Open ivan-mogilko opened 1 year ago
Hmm, while the above is still a proper way to go, I remembered that the actual problem with GUI classes is bigger, and may require a more serious changes (it also is related not only to GUI classes, but primarily to them for some reason). I need to think this over and open a separate ticket perhaps.
EDIT: also to CharacterInfo.
our_eip
The set_our_eip calls could be hidden by a macro and then just define to empty - like #define SET_EIP(X)
. Other way could be a class EIP with a get and set to it's static member - and maybe having the methods inline defined in the header too.

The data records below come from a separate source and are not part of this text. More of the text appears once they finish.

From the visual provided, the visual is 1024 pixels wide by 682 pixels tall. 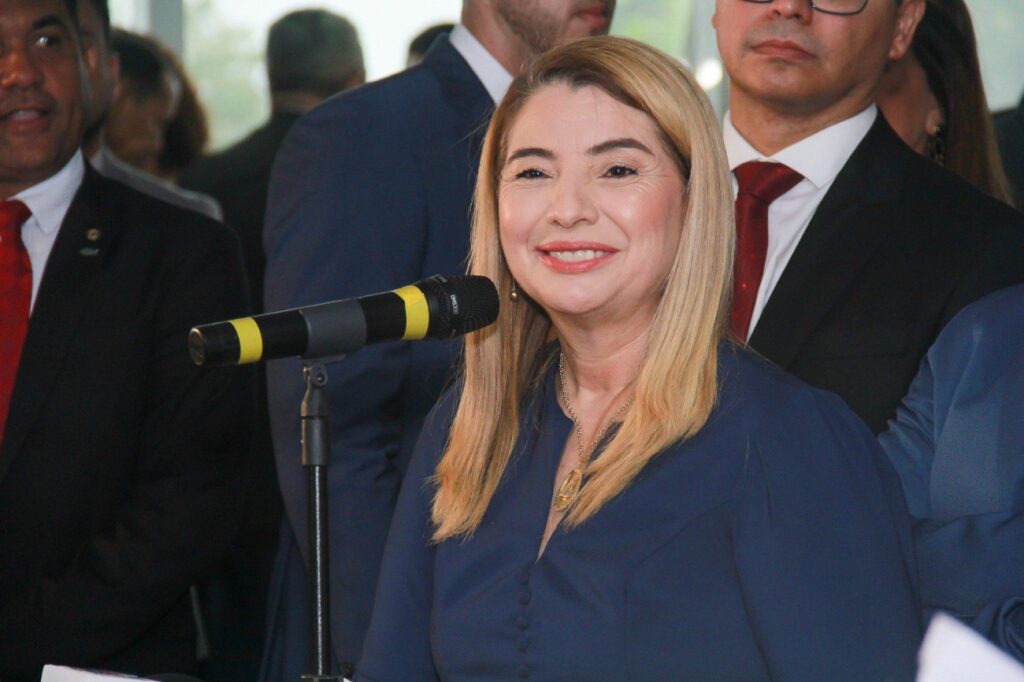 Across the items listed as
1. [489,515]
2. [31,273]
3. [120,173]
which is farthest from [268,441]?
[489,515]

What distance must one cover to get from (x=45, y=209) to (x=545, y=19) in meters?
1.07

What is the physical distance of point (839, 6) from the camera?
277cm

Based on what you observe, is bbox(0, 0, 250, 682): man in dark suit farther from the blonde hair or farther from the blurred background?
the blurred background

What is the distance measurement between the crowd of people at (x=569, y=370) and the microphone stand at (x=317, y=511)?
6 cm

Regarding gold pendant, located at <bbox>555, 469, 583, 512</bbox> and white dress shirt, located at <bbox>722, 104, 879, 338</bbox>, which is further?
white dress shirt, located at <bbox>722, 104, 879, 338</bbox>

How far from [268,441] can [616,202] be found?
170 centimetres

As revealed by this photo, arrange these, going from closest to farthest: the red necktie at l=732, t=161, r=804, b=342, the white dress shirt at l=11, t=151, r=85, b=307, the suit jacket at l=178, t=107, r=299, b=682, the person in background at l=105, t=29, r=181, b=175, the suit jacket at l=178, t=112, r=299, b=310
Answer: the red necktie at l=732, t=161, r=804, b=342
the white dress shirt at l=11, t=151, r=85, b=307
the suit jacket at l=178, t=107, r=299, b=682
the suit jacket at l=178, t=112, r=299, b=310
the person in background at l=105, t=29, r=181, b=175

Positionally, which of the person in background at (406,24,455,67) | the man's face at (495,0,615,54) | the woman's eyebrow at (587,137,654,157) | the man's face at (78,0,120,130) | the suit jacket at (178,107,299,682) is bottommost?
the suit jacket at (178,107,299,682)

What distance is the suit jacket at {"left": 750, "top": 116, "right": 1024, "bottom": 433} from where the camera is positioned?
249cm

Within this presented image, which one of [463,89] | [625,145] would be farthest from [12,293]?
[625,145]

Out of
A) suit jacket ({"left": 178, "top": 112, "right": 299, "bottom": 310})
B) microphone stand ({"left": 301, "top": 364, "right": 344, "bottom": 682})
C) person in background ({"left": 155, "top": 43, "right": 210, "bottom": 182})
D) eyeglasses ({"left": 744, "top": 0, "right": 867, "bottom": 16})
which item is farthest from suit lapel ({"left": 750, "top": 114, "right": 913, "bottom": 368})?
person in background ({"left": 155, "top": 43, "right": 210, "bottom": 182})

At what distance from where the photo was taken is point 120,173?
176 inches

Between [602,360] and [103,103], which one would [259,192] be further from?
[602,360]

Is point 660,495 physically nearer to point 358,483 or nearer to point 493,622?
point 493,622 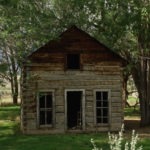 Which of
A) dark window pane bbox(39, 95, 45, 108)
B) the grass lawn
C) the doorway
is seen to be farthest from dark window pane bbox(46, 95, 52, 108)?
the doorway

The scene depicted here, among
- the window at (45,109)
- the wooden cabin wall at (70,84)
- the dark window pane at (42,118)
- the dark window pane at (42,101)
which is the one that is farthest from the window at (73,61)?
the dark window pane at (42,118)

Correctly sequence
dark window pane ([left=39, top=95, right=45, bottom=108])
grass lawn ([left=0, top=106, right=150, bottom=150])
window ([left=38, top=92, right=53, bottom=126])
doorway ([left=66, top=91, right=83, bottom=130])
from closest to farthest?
1. grass lawn ([left=0, top=106, right=150, bottom=150])
2. window ([left=38, top=92, right=53, bottom=126])
3. dark window pane ([left=39, top=95, right=45, bottom=108])
4. doorway ([left=66, top=91, right=83, bottom=130])

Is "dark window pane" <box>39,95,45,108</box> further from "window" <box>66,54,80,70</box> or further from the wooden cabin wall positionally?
"window" <box>66,54,80,70</box>

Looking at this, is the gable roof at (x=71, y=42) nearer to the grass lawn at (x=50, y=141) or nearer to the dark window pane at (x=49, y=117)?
the dark window pane at (x=49, y=117)

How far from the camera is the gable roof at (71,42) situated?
982 inches

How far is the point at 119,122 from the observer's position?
25.8 meters

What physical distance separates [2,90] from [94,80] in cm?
912

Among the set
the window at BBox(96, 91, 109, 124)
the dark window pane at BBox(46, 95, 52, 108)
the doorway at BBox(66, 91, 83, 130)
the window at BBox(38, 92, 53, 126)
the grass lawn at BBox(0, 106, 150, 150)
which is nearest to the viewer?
the grass lawn at BBox(0, 106, 150, 150)

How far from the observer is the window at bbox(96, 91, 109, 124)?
84.4 ft

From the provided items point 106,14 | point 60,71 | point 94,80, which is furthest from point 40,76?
point 106,14

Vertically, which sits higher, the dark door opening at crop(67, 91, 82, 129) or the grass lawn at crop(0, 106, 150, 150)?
the dark door opening at crop(67, 91, 82, 129)

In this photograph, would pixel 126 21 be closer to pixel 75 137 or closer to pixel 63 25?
pixel 63 25

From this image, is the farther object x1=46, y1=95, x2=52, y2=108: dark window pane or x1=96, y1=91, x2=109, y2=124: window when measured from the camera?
x1=96, y1=91, x2=109, y2=124: window

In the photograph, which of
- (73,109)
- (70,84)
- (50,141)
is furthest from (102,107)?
(50,141) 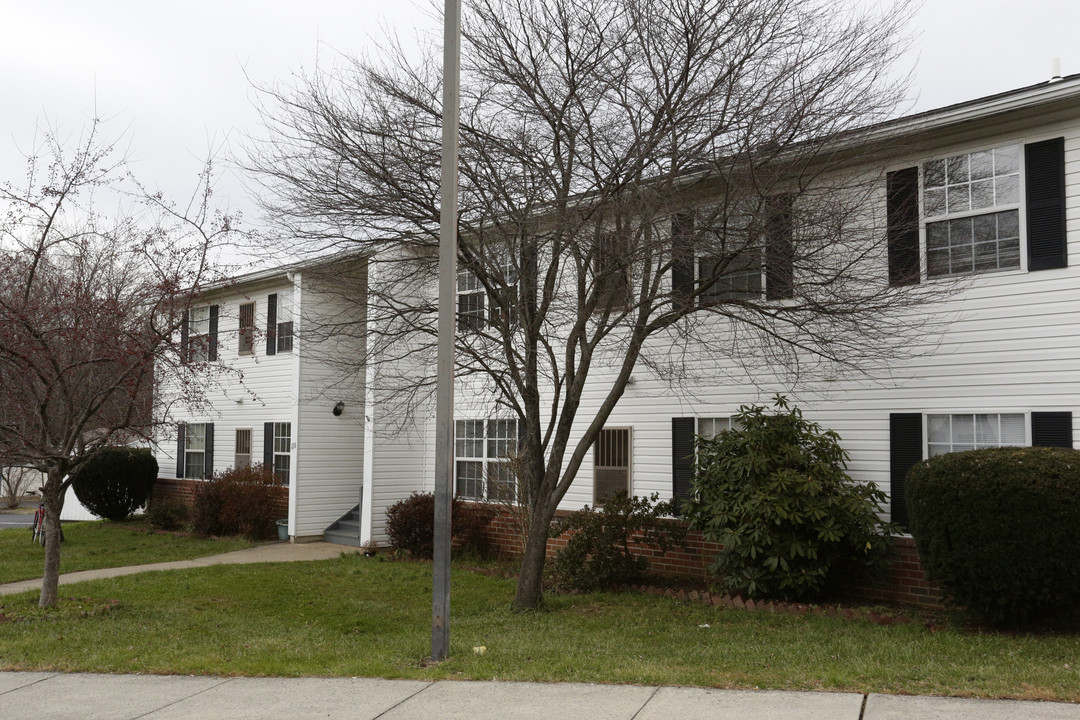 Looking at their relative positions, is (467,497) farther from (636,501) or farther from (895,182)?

I think I'd rather remove uses of "our_eip" from Common code completely. That ended up to be a collection of utility and shared data loading (GUI drawing and input handling is probably the only notable exception, but there's #2058 for that).
Problem
This task is complementary with #1833. Currently there are several global objects declared or defined in the Common code. A number of shared functions, such as ones that load data, or draw game elements (GUI classes), reference these global objects. Some of these objects are defined right in the Common, others may be defined in the engine part but declared in Common. This is a bad program structure, as it makes it difficult (if not impossible) to link some of the shared classes or functions separately; for instance if they are required for standalone tools.
These global objects are:
InteractionVariable globalvars[MAX_GLOBAL_VARIABLES]
Solution
Instead of referencing global objects, the functions in Common code might receive necessary objects as arguments. In certain cases the logic may have to be changed a little: for example, instead of using strictly AssetMgr to open a data stream, a common function or a class may instead require that stream to be passed as a parameter (in such case the stream has to be opened prior to calling this common function, whether using AssetManager or other means - would depend on the context in which the common function is called).